『勇者たちの中学受験』の胸のヒリヒリから感じたこと
首都圏の中学受験熱が過熱している。
「中学受験は親次第」なんて言葉も聞かれるほど、家族の協力が必要不可欠な領域である。
そんな中、Amazonの教師向け書籍のカテゴリでベストセラーになっているのが『勇者たちの中学受験 わが子が本気になったとき、私の目が覚めたとき 』(おおたとしまさ著/大和書房)という本だ。
家族問題や教育に造詣が深い著者は、近年は中学受験の緻密な取材を重ね、さまざまな媒体に寄稿している。『勇者たちの中学受験』はいつものおおた氏の文章とはちょっと異なり、受験シーズン真っ最中の3つの家族に迫った、実話に基づいた物語となっている。
各章の家族が受験期までにたくさんの選択を重ねて、子どもは勉学に励み、親は子を支えてきたことを、たった数日間の描写で連想させる巧みな構成。読み手をグイグイ引き込んでいく。
そして、登場する塾名や学校名は、全て実名。
塾の営業方針や教育方針、親が考えている学校のレベルも全てありのままに書かれている。
紆余曲折を経て、子どもにとって“ベター”な道が開くケースがあれば、親が子どもの将来を遠くまで見渡していた“つもり”が、1歩先しか見られなくなって親子・夫婦が傷つけ合って家族が壊れかけるシーンもある。
塾業界で、ひとにぎりの天才たちが、とことん優遇されるいびつな構図も垣間見える。
あまりにリアルで物語として引き込まれるが、その一方で、そこはかとない悲しみや違和感もわきあがってくる。
「中学受験を取り巻く塾業界、ちょっと異常じゃない?」と。
小学生の競争心を煽り、親の不安を駆り立て、通常講座に加えて特別講座の代金や模擬試験など、課金に次ぐ課金はまるで「お布施」のように見える。「塾」という狭い組織の中でできる者はもてはやされ、鼻がグングン伸びていく。
今週、『勇者たちの中学受験』とあわせて『実力も運のうち』(マイケル・サンデル)を読んだ。
アメリカでは、高収入の親の元で豊かな教育費をかけられて育った子ほど「よい」学歴を得られる可能性が高く、それは自分の努力のおかげと信じる風潮があるという。
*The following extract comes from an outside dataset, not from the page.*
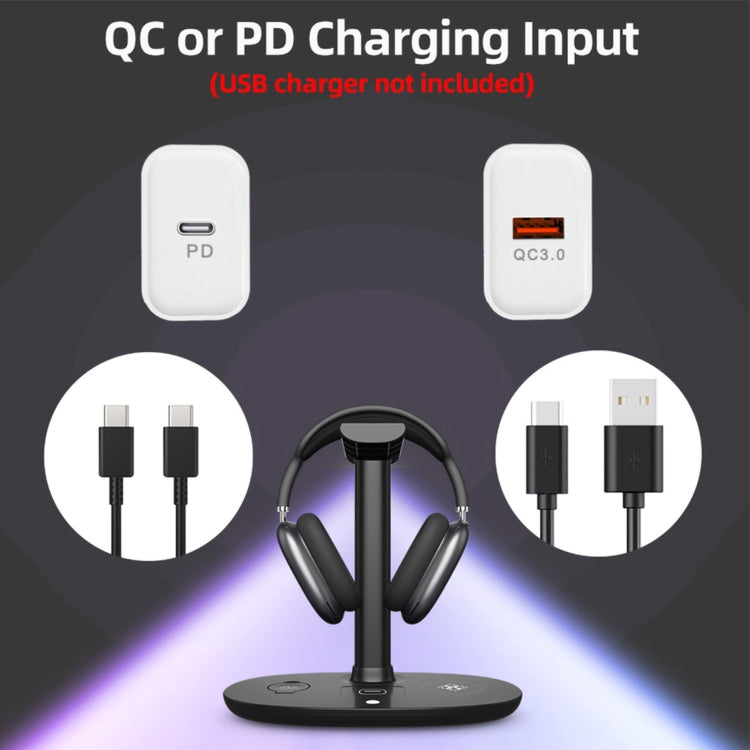 B-15A 4 in 1 Headset Holder Wireless Charger for Smart Phone & iWatch & Airpods by buy2fix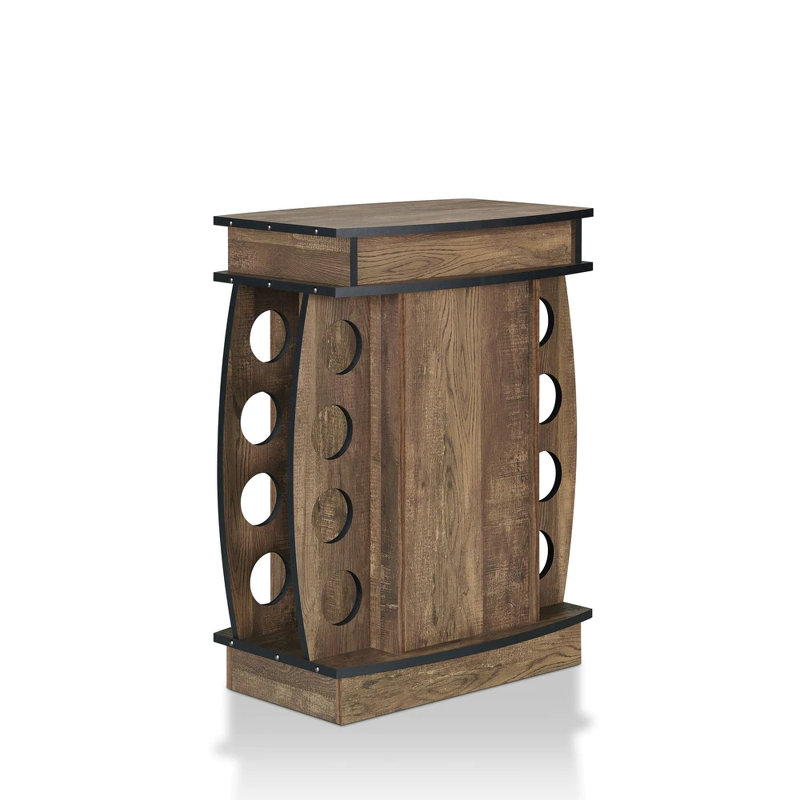 Farmhouse-Style Reclaimed Oak 8-Bottle Wine Cabinet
ふと、数年前の名門国立大学の入学式の祝辞を思い出した。
叶うことのない理想論を語るのなら、勉強は、自分が見たことのない世界に触れ、異言語・文化を知り、異なる世界で暮らす人の心を知ることができる手段だ。
多分、中学受験をする多くの親は「我が子が我が子らしくいられる場所を」「よりイキイキと学べる場所を」「内申点とは無縁の場所を」などさまざまな理由で受験することを選んでいる。
合格して望んだ場所に行けたら幸運だが、そこに到達する過程で勉強が勝ち負けの手段となり、できる子がそうではない子を見下し、できない子の家庭ができる子の家庭の分まで塾の学費を払うような構図が、小学校の時点で生まれているのだとしたら、悲しいな、と思う。
そんな複雑な読後感もふくめ『勇者たちの中学受験』、著者のあとがきが胸に迫ってくるので、私のように中学受験に無縁な方もぜひご一読あれ。